The study incorporated a novel approach. Unlike the majority of previous studies on this issue in which physical activity was measured using questionnaires, researchers measured physical activity using accelerometers.
These motion-sensing devices electronically document and store daily movement patterns and intensity on a 24-hour clock for as many days as the device is worn. Women in this study wore the devices for between four and seven days. Researchers then downloaded the information and analyzed it.
To make their analysis of physical activity even more specific to older women, they also conducted a laboratory study in a subset of study participants during which they aligned the accelerometer information with completion of activity tasks germane to older women’s usual daily activity habits.
“No other study as large as ours and specifically on older women has included this step to enhance interpretation of accelerometer data in a context relevant to the study participants,” LaMonte says.
The findings could have implications for national public health guidelines for physical activity for older U.S. women, especially when considering the projected growth of this particular population over the next several decades.

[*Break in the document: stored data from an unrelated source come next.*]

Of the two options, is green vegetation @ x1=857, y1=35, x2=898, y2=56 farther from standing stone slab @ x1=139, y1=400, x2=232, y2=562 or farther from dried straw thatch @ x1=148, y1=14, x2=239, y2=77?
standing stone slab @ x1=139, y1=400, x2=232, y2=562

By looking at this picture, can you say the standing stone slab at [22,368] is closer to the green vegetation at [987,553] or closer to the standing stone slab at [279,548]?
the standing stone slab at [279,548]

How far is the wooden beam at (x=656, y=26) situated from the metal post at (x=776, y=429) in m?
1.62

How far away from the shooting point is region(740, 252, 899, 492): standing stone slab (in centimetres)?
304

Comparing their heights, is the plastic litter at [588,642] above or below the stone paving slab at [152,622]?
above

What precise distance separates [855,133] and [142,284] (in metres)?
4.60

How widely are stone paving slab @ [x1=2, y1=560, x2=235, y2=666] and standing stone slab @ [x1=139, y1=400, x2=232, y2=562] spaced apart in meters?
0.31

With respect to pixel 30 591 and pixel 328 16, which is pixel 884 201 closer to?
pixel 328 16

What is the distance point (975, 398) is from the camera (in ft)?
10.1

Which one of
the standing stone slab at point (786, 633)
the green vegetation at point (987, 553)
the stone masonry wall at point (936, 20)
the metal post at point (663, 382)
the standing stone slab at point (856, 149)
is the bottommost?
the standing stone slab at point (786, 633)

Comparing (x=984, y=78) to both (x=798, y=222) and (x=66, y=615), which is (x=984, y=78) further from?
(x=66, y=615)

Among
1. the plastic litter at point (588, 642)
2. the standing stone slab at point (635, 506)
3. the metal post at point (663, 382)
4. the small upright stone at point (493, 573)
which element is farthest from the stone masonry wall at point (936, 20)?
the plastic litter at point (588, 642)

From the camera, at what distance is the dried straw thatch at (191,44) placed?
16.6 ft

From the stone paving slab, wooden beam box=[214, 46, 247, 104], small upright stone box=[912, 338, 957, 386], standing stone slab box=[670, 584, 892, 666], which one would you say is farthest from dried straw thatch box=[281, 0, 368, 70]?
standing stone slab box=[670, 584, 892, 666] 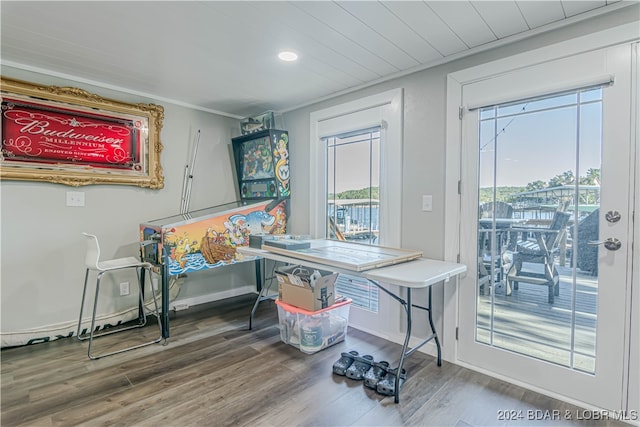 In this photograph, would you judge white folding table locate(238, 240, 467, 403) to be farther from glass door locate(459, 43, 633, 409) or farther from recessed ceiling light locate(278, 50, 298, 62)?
recessed ceiling light locate(278, 50, 298, 62)

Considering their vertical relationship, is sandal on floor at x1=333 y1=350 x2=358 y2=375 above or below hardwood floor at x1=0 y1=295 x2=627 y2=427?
above

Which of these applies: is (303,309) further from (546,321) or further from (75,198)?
(75,198)

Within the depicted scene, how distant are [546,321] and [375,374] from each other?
1131mm

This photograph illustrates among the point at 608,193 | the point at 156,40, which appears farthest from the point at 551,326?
the point at 156,40

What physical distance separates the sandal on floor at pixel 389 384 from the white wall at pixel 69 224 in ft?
8.13

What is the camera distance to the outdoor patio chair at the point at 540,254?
6.52 ft

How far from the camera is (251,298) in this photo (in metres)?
3.96

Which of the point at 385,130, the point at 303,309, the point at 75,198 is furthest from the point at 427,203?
the point at 75,198

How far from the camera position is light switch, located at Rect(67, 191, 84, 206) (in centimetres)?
283

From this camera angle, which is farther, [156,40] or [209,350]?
[209,350]

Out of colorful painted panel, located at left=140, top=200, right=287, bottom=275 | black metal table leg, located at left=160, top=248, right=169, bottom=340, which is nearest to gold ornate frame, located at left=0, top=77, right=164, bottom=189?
colorful painted panel, located at left=140, top=200, right=287, bottom=275

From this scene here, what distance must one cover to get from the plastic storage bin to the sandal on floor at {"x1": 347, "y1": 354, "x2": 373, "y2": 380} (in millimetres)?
375

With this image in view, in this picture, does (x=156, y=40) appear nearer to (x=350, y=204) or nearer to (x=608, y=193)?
(x=350, y=204)

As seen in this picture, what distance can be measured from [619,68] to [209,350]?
128 inches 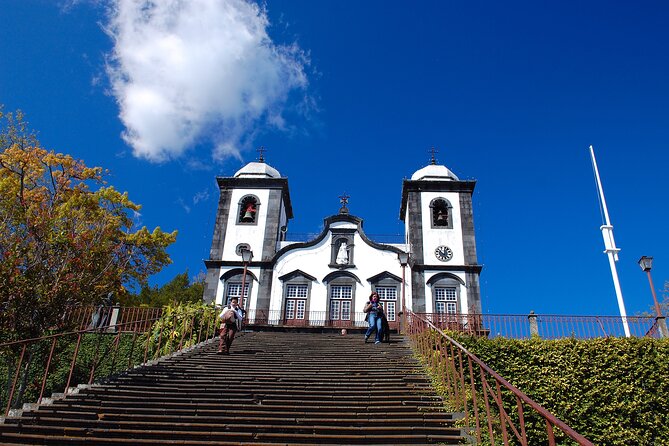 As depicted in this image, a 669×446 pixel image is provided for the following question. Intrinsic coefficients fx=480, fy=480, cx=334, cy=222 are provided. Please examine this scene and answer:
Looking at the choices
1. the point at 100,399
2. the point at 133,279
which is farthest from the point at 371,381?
the point at 133,279

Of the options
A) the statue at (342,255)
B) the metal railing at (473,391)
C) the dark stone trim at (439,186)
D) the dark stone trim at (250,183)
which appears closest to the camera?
the metal railing at (473,391)

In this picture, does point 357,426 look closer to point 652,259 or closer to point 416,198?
point 652,259

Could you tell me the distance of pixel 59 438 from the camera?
5816 mm

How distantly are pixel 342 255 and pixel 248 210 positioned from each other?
17.7ft

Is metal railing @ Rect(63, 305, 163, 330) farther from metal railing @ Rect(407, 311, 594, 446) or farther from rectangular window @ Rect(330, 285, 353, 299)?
metal railing @ Rect(407, 311, 594, 446)

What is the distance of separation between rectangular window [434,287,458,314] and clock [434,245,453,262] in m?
1.50

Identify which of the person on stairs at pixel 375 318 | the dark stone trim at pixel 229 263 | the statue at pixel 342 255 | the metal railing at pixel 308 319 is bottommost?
the person on stairs at pixel 375 318

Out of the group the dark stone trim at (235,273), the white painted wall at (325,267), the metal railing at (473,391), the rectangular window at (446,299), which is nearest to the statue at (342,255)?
the white painted wall at (325,267)

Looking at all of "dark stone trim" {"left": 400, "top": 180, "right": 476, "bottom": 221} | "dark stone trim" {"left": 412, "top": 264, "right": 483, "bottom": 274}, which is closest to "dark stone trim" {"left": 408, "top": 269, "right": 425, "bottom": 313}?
"dark stone trim" {"left": 412, "top": 264, "right": 483, "bottom": 274}

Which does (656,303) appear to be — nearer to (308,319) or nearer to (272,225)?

The researchers’ findings are being considered by the U.S. Department of Health and Human Services’ 2018 Physical Activity Guidelines Advisory Committee. The guidelines were first introduced in 2008 under then-HHS Secretary Michael O. Leavitt.
By 2050, the population group aged 65 and older will have doubled since 2000, reaching nearly 77 million, according to LaMonte, who adds that women in this age group will outnumber men 2-to-1 at the current expected growth pattern. “Our results suggest that the health benefits of lighter activity could reach a large swath of women in an aging society,” he says.
“These findings are especially relevant to aging well in an aging society,” he notes. “Some people, because of age or illness or deconditioning, are not able to do more strenuous activity. Current guidelines do not specifically encourage light activity because the evidence base to support such a recommendation has been lacking.”
Study co-authors include researchers from the University of Illinois, Urbana-Champaign; Fred Hutchinson Cancer Research Center; University of North Carolina, Chapel Hill; University of California, San Diego; University of Alabama; Harvard University; Cornell University; University of Washington; Brown University; and Stanford University.
Women in this study were enrolled in the Objective Physical Activity and Cardiovascular Health Study ancillary to the Women’s Health Initiative.
I am an 85-year-old male retired staff member. I have had the same belief and have been doing all the household chores, including laundry and doing dishes, in addition to my daily walks in both the a.m. and p.m. I am very happy to see this article, as I feel my belief is now backed by this study. Thank you!